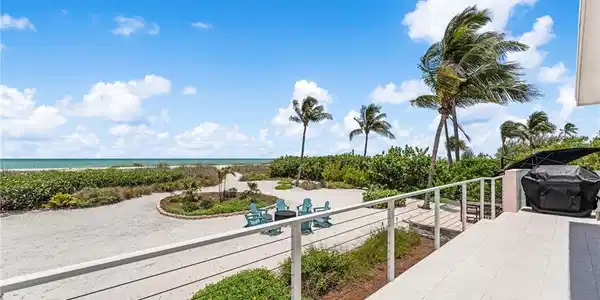 Image 4: Seamless indoor-outdoor living with panoramic beach views.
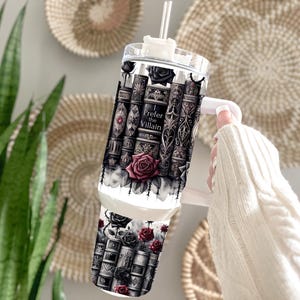 May include: A clear tumbler with a white handle and straw, featuring a design of stacked books, roses, and the text "I Prefer the Villain." The design is in shades of black, gray, and red.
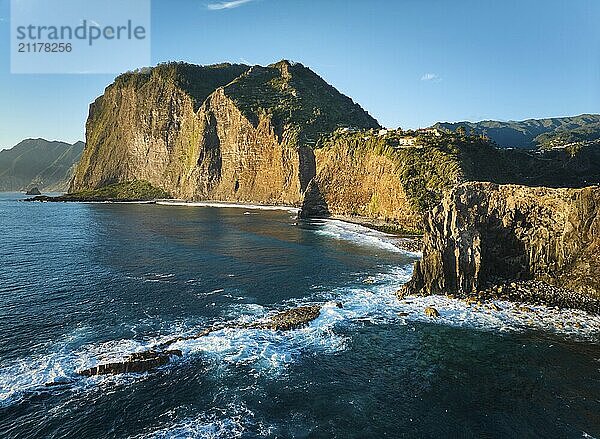 Aerial view of Madeira cliffs coastline landscape on sunrise  Guindaste viewpoint  Madeira island  Portugal  Europe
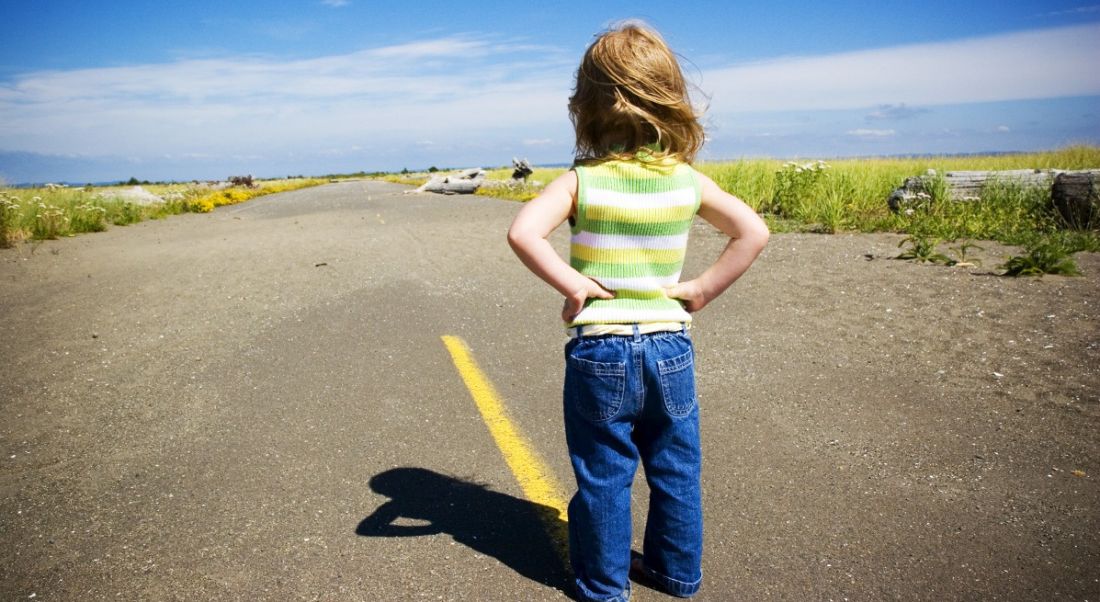 A little girl facing a long road with her hands on her hips. She means business when it comes to the future of work.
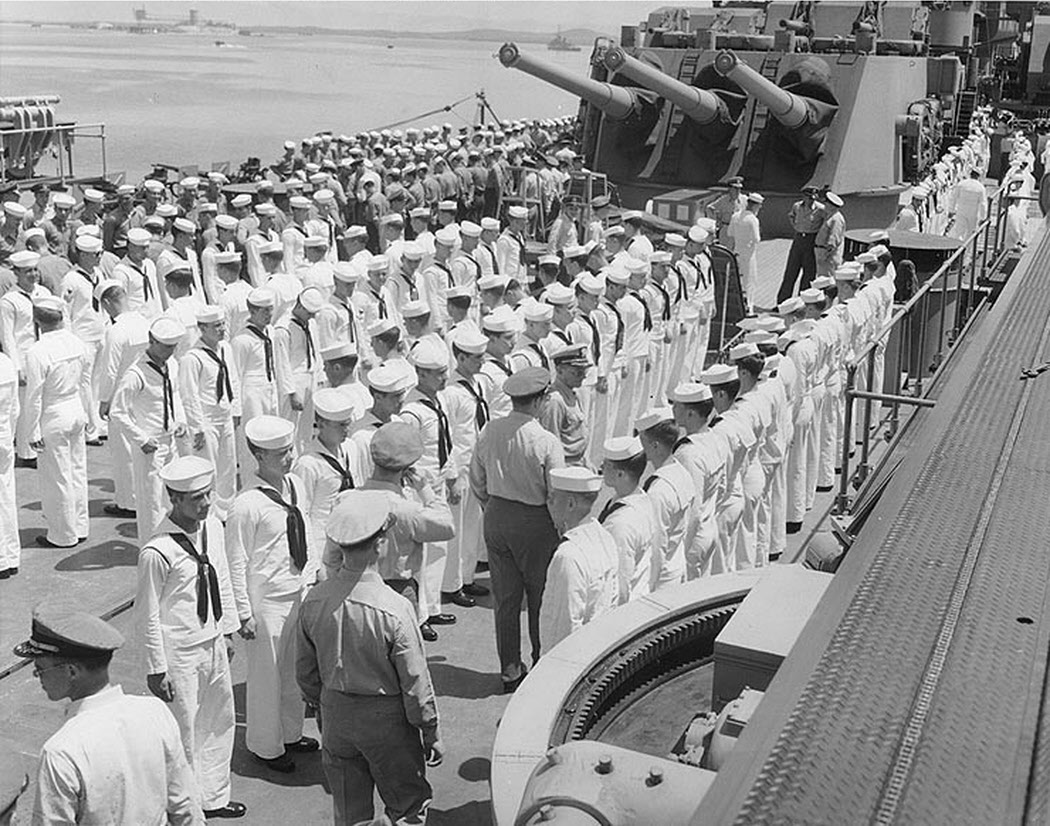 Captain inspecting crew, USS Oregon City (CA-122), 1946 
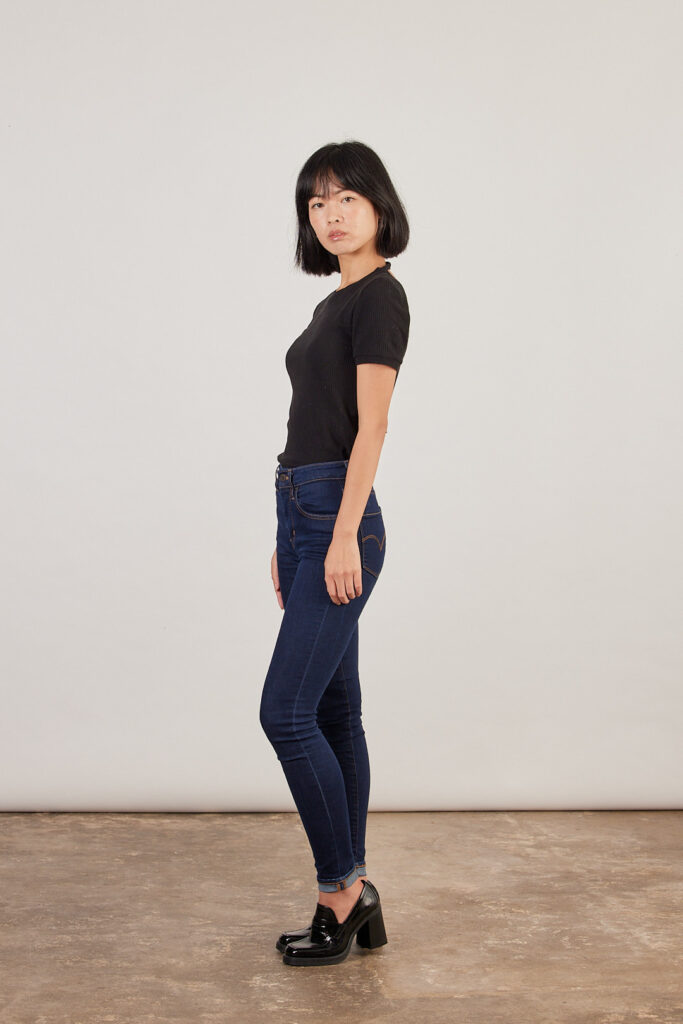 photo avec Delphine, elle porte un t-shirt moulant noir et un jean slim bleu foncé.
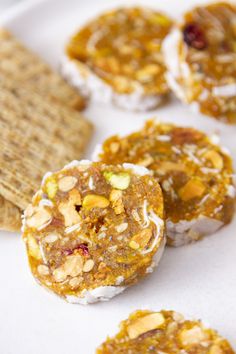 some crackers are sitting on a plate with nuts and other food items around them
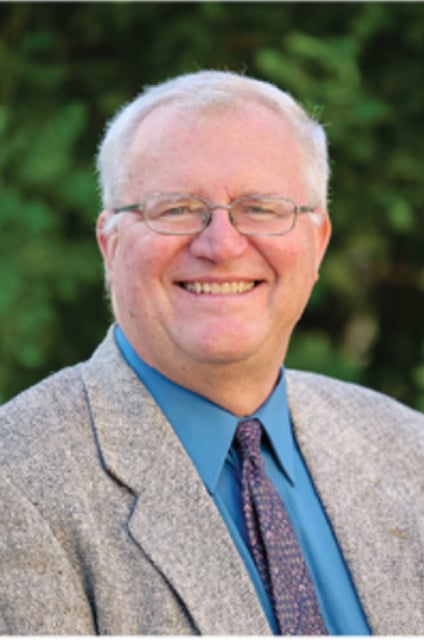 real estate agent in a suit jacket and blue tie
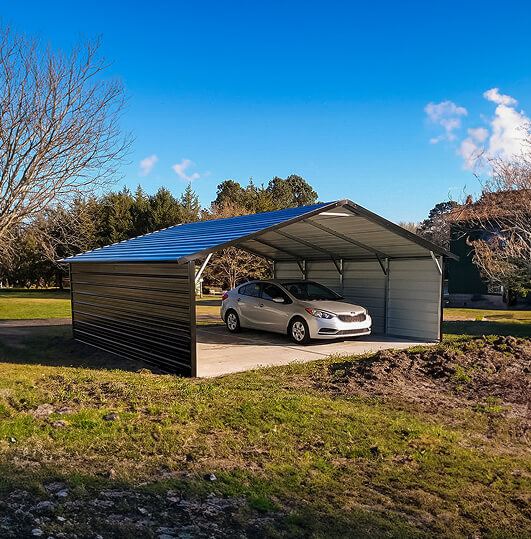 Large carport with closed sides and a car inside of it
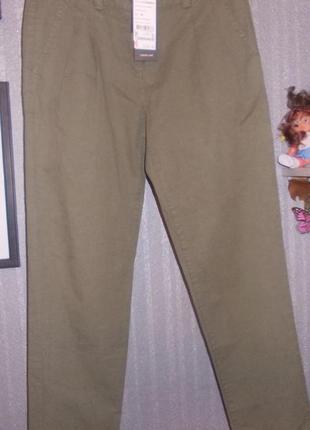 Нові штани хлопкові колір хакі 44-46р. зі складочками зпереду.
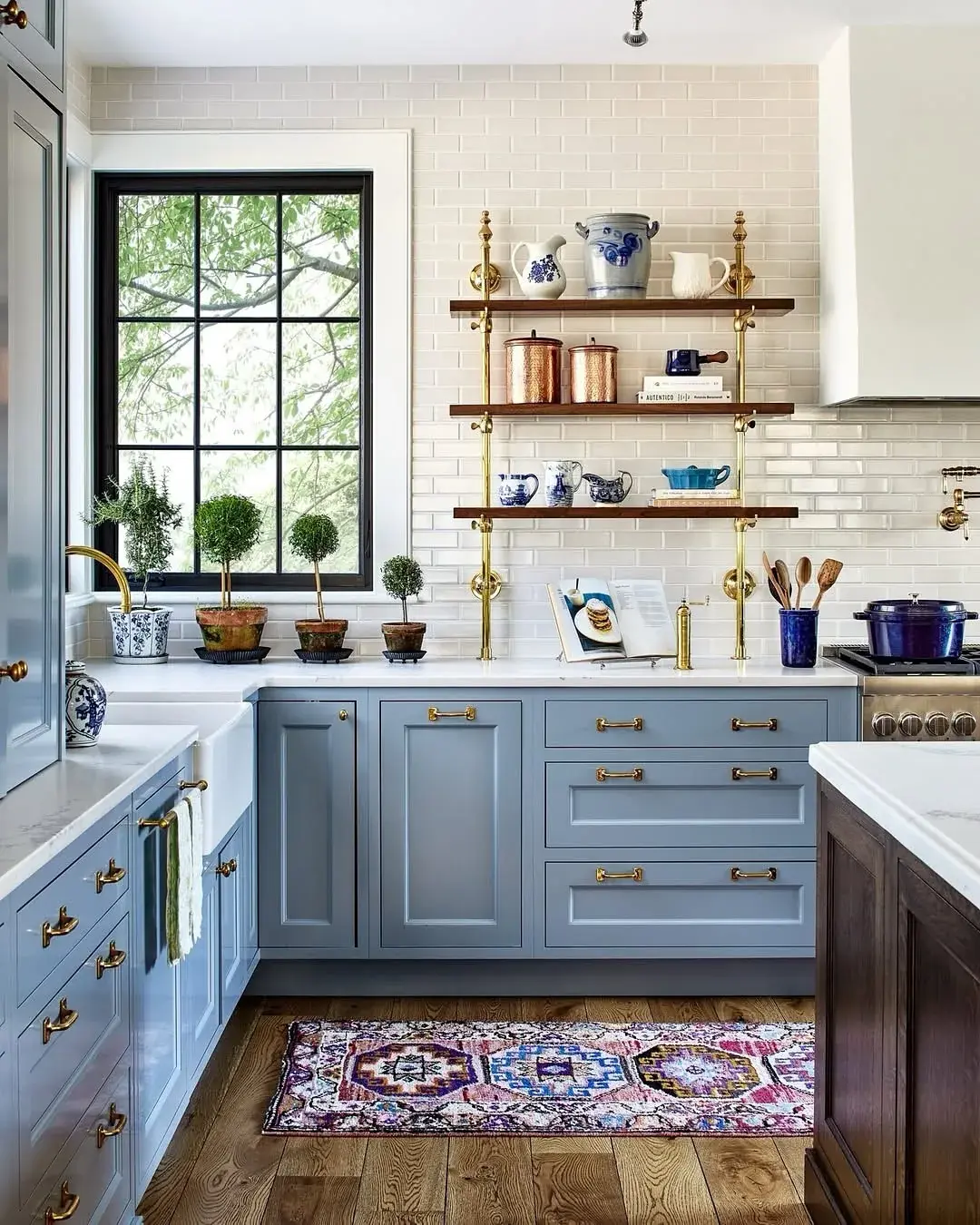 Dusty blue kitchen with brass gantry shelves, copper pots and a black framed window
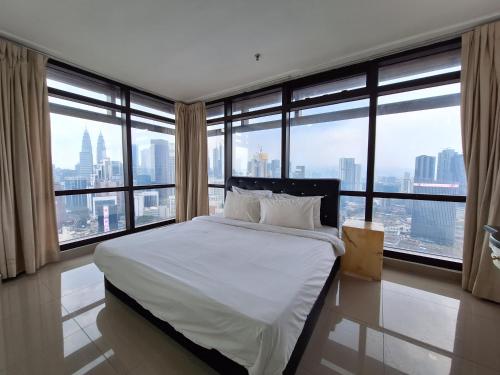 a bedroom with a bed with a view of a city at Best Apartment Suite At Times Square KL in Kuala Lumpur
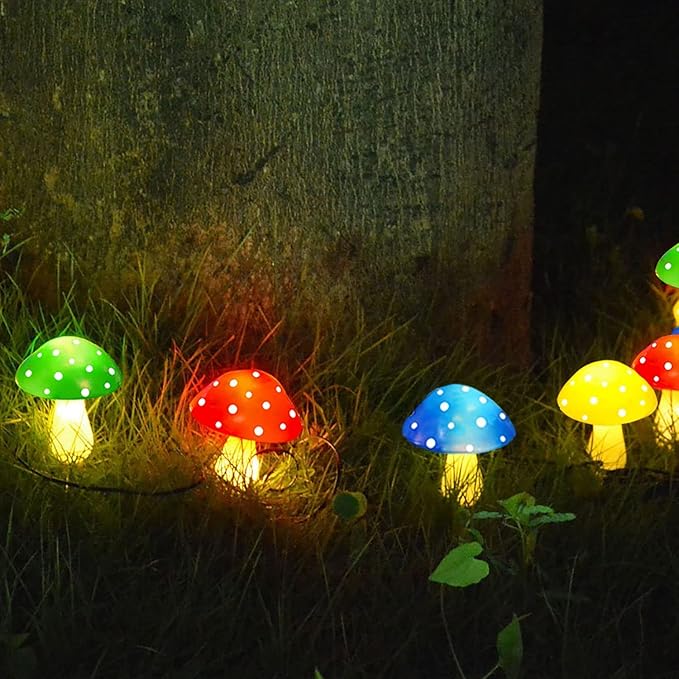 Solar mushroom LED lights with green, red, blue, and yellow dotted caps glowing near grass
┄┄┄┄┄┄
> [WORK REQUIRED]
Word for word, write out the lines above running from the one with "Large carport with" up to and including the one with "a bedroom with". Drop any picture.

> [TASK SOLUTION]
 Large carport with closed sides and a car inside of it
 Нові штани хлопкові колір хакі 44-46р. зі складочками зпереду.
 Dusty blue kitchen with brass gantry shelves, copper pots and a black framed window
 a bedroom with a bed with a view of a city at Best Apartment Suite At Times Square KL in Kuala Lumpur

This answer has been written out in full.